FIG. 3 further illustrates the lateral alignment of the distal belt ends 134 of the strip belts 130 of a corresponding merge conveyor 120. In other aspects, however, some or all of the proximal belt ends 132 of the strip belts 130 may be substantially laterally aligned and/or some or all of the distal belt ends 134 of the strip belts 130 may not be laterally aligned. Furthermore, in other aspects, the lengths of some or all of the strip belts 130 may be substantially equal. According to example aspects, each of the strip belts 130 can be driven and guided by a drive system, which can be a pulley system 310 in the present aspect. The drive system (e.g., the pulley system 310) can comprise one or more guides, which can include a plurality of rotating pulleys 312 in the present aspect. For example, the pulley system 310 can comprise at least a first one of the pulleys 312 (i.e., a head pulley 312a) disposed at the distal belt end 134 of each strip belt 130 and a second one of the pulleys 312 (i.e., a tail pulley 312b, shown in FIG. 4) disposed at the proximal belt end 132 of each strip belt 130.

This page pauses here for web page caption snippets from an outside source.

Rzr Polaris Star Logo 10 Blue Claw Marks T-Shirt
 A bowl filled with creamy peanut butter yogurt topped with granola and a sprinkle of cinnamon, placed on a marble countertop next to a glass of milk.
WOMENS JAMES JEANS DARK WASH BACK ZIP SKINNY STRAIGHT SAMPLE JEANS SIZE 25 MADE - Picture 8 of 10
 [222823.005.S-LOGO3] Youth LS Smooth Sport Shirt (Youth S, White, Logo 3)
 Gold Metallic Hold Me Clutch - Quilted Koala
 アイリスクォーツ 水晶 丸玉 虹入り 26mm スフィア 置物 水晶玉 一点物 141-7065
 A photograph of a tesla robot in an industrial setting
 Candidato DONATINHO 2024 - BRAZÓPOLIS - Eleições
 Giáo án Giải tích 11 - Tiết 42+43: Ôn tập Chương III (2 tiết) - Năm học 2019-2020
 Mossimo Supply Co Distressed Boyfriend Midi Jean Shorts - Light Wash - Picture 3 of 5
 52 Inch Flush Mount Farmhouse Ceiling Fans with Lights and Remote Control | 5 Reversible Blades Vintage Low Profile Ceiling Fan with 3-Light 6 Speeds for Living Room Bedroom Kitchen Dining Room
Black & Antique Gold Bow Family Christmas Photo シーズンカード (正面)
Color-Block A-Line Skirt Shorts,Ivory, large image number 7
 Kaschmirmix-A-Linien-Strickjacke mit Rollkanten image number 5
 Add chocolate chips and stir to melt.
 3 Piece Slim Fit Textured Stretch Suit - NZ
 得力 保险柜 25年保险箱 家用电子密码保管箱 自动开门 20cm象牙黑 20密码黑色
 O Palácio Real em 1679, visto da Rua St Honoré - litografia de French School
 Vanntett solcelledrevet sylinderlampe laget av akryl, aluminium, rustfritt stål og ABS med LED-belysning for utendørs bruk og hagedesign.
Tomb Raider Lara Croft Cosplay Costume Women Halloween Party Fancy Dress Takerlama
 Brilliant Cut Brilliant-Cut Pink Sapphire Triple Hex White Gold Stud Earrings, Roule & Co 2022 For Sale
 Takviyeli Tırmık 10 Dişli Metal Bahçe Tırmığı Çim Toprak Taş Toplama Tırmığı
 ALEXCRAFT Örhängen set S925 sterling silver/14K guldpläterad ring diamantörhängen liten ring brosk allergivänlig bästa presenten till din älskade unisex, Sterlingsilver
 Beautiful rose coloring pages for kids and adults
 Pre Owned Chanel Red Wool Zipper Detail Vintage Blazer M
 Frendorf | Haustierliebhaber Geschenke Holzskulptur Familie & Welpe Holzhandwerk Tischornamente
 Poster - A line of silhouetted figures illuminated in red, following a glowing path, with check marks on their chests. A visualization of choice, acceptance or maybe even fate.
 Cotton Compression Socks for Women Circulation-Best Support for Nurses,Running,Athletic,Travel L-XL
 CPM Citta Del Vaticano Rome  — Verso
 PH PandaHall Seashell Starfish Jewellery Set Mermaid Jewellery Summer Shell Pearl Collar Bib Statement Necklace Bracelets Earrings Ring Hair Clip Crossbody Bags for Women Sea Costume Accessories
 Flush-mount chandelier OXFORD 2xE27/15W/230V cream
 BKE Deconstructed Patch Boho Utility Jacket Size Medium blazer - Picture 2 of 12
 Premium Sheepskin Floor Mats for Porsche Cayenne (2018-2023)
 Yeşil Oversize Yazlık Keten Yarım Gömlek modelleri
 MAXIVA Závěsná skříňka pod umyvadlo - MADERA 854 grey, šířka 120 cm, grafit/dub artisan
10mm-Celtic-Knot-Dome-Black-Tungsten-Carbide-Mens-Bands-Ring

Some or all of the rotating pulleys, including the head and tail pulleys 312a,b, can be configured to guide the corresponding strip belt 130 as it slides around the pulley system 310. As shown, the distal belt end 134 of each strip belt 130 can wrap around the corresponding head pulley 312a. In example aspects, the head pulley 312a can be a driven pulley configured to both drive the movement of the strip belt 130. The driven head pulley 312a can be rotationally driven by a motor, for example, and the rotation of the head pulley 312a can impart motion to the strip belt 130. The head pulley 312a can further be configured to guide the strip belt 130 about the pulley system 310.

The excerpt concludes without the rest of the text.